| The task |
A verbatim transcript of the data below is required, images omitted.

| Supplied material |
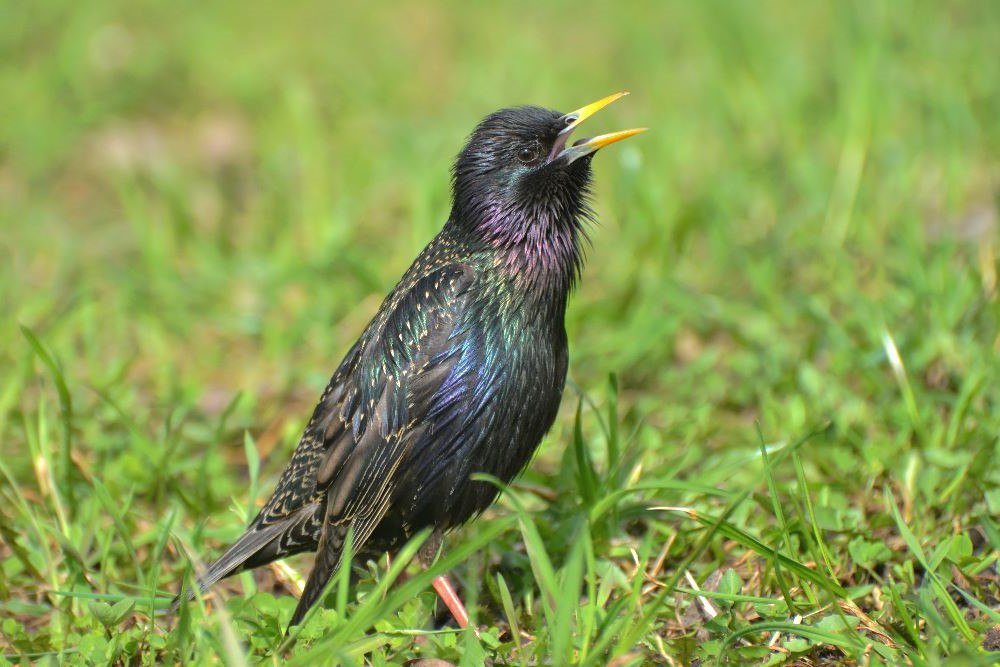 Обыкновенный скворец(Sturnus vulgaris) - Иван 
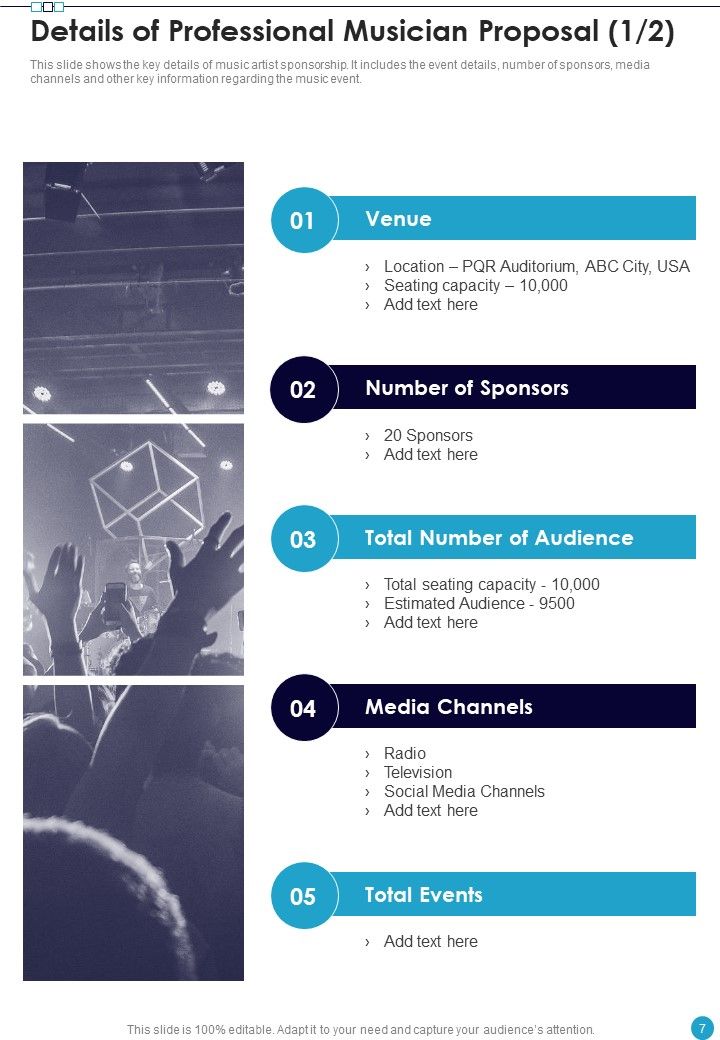 Professional Musician Proposal Example Document Report Doc Pdf Ppt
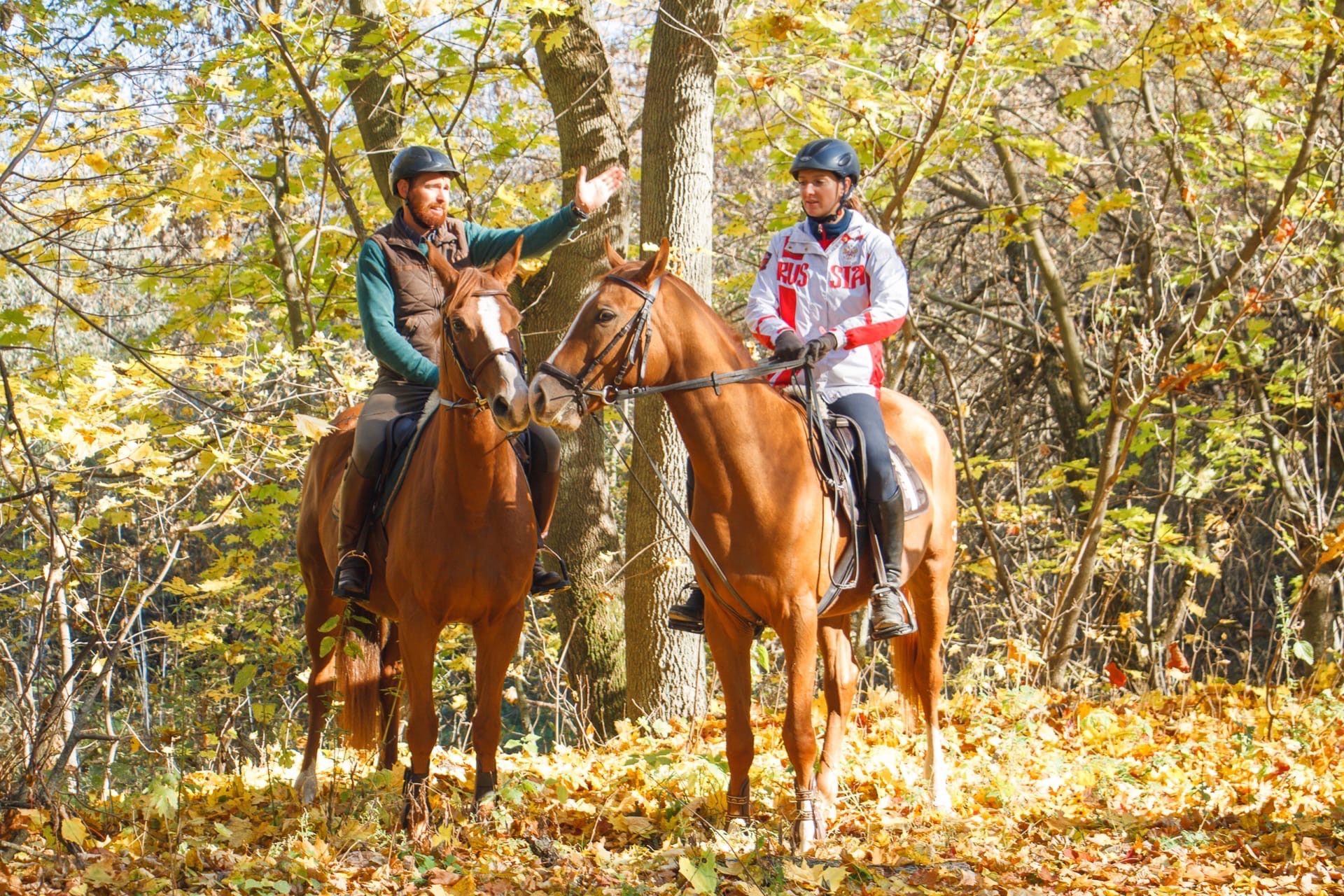 Прогулки на лошадях в Рязани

| Response to this task |
 Обыкновенный скворец(Sturnus vulgaris) - Иван 
 Professional Musician Proposal Example Document Report Doc Pdf Ppt
 Прогулки на лошадях в Рязани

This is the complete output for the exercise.